In this dramatic confrontation and rife with disobedience, the Company of Works became more mature: we discovered that the aim was not above all to resolve needs, but to share them, to make Christianity as we had encountered it present in every aspect of life: we met many people, many of us created services and businesses, the group grew larger, there was even a capacity for public judgment born which the Meeting brings to light. Our petitions for subsidiarity for private schools are the sign of a commitment to guarantee liberty and democracy to every person and every reality in our country, even if they are very different from us.
But there is a last phase, the one that is still going on. I am part of the Memores Domini, and because of this frenetic activity I was always out, I was never at home. So people would ask me, "Do you have a house?

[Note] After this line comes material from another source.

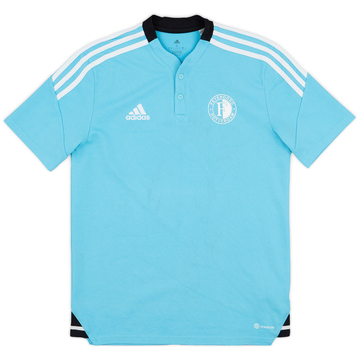 2022-23 Feyenoord adidas Polo Shirt - 6/10 - (S)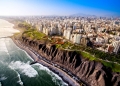 Vista panorámica de Lima desde Miraflores.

Who is your family?"

David and Goliath
My working method had a weak point: it was in some ways a flight from myself, a covering up by activity of the ultimate questions that are the origin of everything.
I began to discover for the first time in an adult way that action is weak if it does not start out from a deepening of an origin lived in a specific place (for me this was the vocation to virginity and the house of the Memores Domini as a "scale model" of the world, for others the Fraternity group and the family).
The greatest discovery was that of a more mature way of following, one filled with the risk of my freedom, and less mechanical. Risking all of one's freedom, intelligence, and affection in what one does, trying to move the way the one who originated all this moves.
So, unceasingly, the charism that we have encountered tends to become the form that the relationships with my housemates, my friends, and my colleagues takes. Everything becomes a dramatic confrontation, because every relationship is between two "I"s, one who follows and one who leads, in whatever circumstance.
What we are doing is participating in an epoch-making act: to serve an Event that has already changed history in precise places. Let's think of what this means: at home, when we talk to government leaders or give newspaper interviews, when we build businesses, we challenge (like David) with the strength of our judgment the Goliaths who dominate us.
Thus, we discover that humanly everything is impossible: friendship, love, work, building a society; impossible to man, to me with my limits, but possible to God who became flesh among us.